Now a few months into the experience in Omaha, Paras has come to love his new home, even if the Filipino-born, Los Angeles-based star does have teenage concerns to work through.

“I’ve never been in the snow, never been in cold weather,” Paras said with a laugh. “So I’m really bracing myself for this.”

He’s also bracing for what life will be like in his first year in college basketball.

Things got off to a slow start in Paras’ Creighton debut last Friday, as the freshman played just six, foul-filled minutes in the team’s season-opener against Missouri-Kansas City. As Paras and Creighton get set to face No. 9 Wisconsin in a Top 25 showdown on FS1, he knows he’s got a long way to go.

“I’ll be more controlled, more energetic,” Paras said of how he plans to play in his first year on campus in Omaha. “I’m a team player. That’s what fans can expect this year.”

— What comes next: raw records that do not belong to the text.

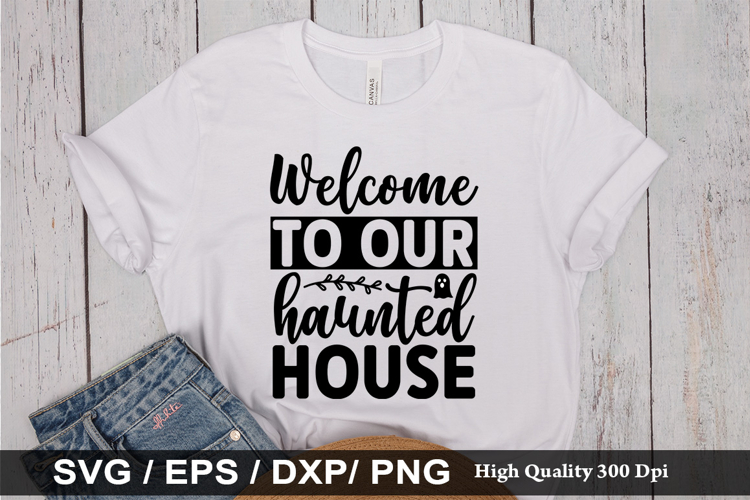 Welcome to our haunted house SVG - Halloween Design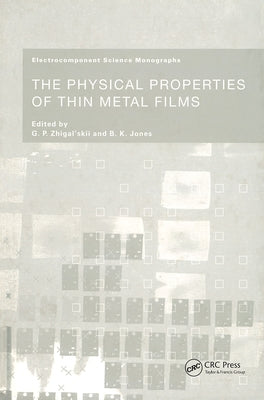 The Physical Properties of Thin Metal Films by Zhigal'skii, G. P.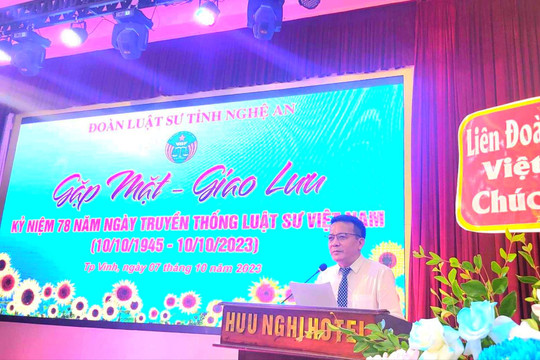 Đoàn Luật sư tỉnh Nghệ An tổ chức kỷ niệm 78 năm ngày truyền thống Luật sư Việt Nam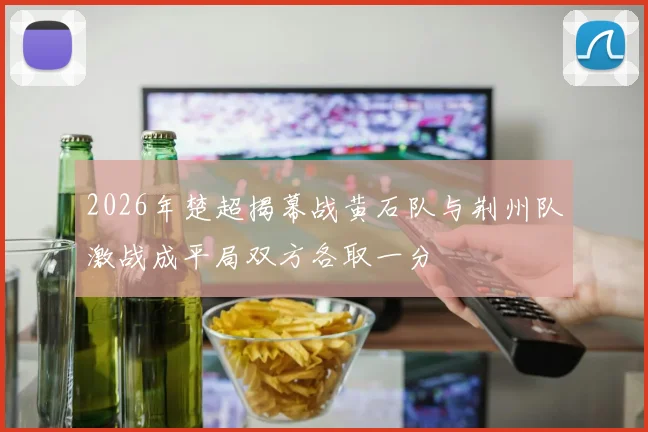 2026年楚超揭幕战黄石队与荆州队激战成平局双方各取一分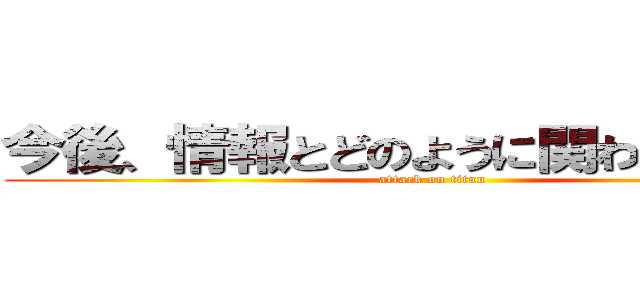 今後、情報とどのように関わると良いか (attack on titan)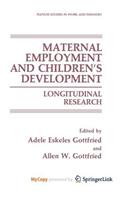 Maternal Employment and Children's Development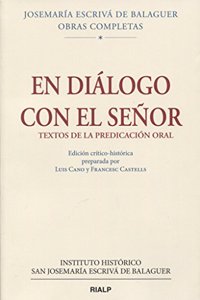 En dialogo con el Senor. Ed. critico-historica (rustica): Edicion critico-historica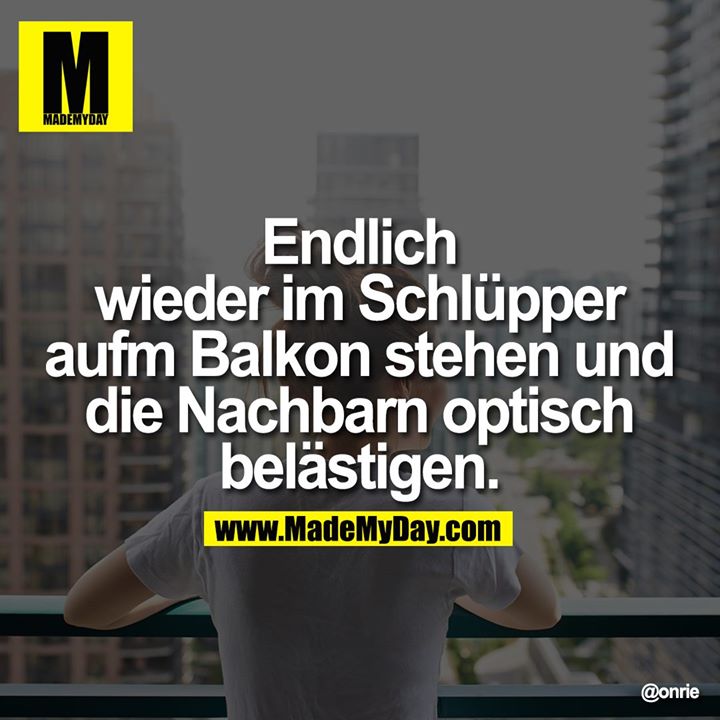 Endlich wieder<br />
im Schlüpper aufm<br />
Balkon stehen und<br />
die Nachbarn optisch<br />
belästigen.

Of course with Paras, a whole country watches and waits to see not just what this year holds, but the future as well. While basketball is a national obsession in the Philippines, the country has had few players to latch onto at the NBA level. Lakers’ guard Jordan Clarkson is half-Filipino, and before him, no one of major Filipino descent has played in the league since Raymond Townsend in 1982.

Paras might eventually be that guy. At 6-6, with athleticism and improving strength, already on the radar of NBA scouts, even if everyone – including Paras and Middlebrooks – are quick to admit that he is still very much a developmental player.

Only time will tell if Paras makes that leap, and takes the final step in his basketball journey. In the meantime, it raises one final question: With an entire country watching, does Paras feel any pressure?

“Not at all,” Paras said “I take that as motivation. There aren’t a lot of people out there that have the benefit I have, so I’m making the most of it.”

Even if it does include some awkward encounters at the mall.